#### Required action
What you return must match, exactly, the lines running from the one containing "Small Buddha & Lotus Backflow Incense Burner" to the end of the data, both included, and must contain no pictures.

#### Collected material
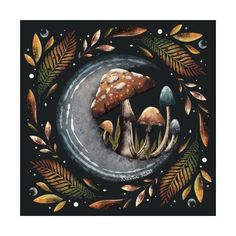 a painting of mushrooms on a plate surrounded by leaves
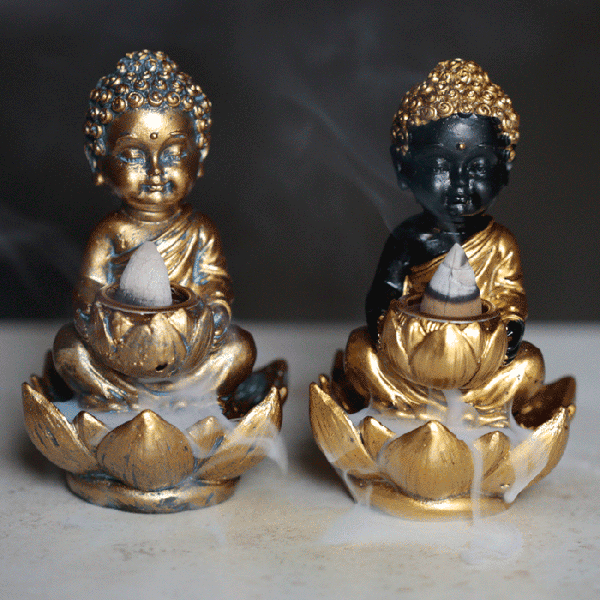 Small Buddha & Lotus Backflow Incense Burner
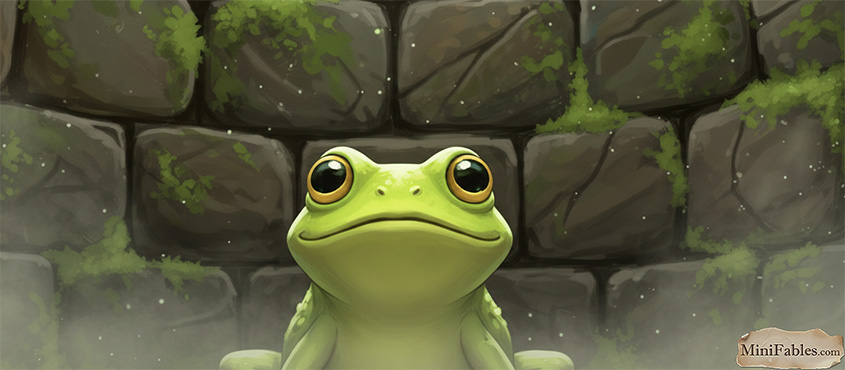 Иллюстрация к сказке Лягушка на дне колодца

#### Solution to this exercise
 Small Buddha & Lotus Backflow Incense Burner
 Иллюстрация к сказке Лягушка на дне колодца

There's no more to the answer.